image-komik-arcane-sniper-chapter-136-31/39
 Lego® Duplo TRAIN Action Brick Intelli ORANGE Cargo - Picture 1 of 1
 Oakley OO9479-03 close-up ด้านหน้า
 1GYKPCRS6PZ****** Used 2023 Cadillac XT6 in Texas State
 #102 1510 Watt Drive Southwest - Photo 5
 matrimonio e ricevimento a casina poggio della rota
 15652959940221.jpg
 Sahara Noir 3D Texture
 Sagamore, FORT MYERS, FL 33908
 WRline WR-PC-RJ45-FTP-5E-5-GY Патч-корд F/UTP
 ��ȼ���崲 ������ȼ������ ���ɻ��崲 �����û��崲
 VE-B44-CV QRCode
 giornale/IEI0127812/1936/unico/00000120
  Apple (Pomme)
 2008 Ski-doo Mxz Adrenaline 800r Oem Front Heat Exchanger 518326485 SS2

============================================================

◆ YOUR INSTRUCTIONS
Return the full listing exactly as written.

◆ PROBLEM SOLUTION
image-komik-arcane-sniper-chapter-136-31/39
 Lego® Duplo TRAIN Action Brick Intelli ORANGE Cargo - Picture 1 of 1
 Oakley OO9479-03 close-up ด้านหน้า
 1GYKPCRS6PZ****** Used 2023 Cadillac XT6 in Texas State
 #102 1510 Watt Drive Southwest - Photo 5
 matrimonio e ricevimento a casina poggio della rota
 15652959940221.jpg
 Sahara Noir 3D Texture
 Sagamore, FORT MYERS, FL 33908
 WRline WR-PC-RJ45-FTP-5E-5-GY Патч-корд F/UTP
 ��ȼ���崲 ������ȼ������ ���ɻ��崲 �����û��崲
 VE-B44-CV QRCode
 giornale/IEI0127812/1936/unico/00000120
  Apple (Pomme)
 2008 Ski-doo Mxz Adrenaline 800r Oem Front Heat Exchanger 518326485 SS2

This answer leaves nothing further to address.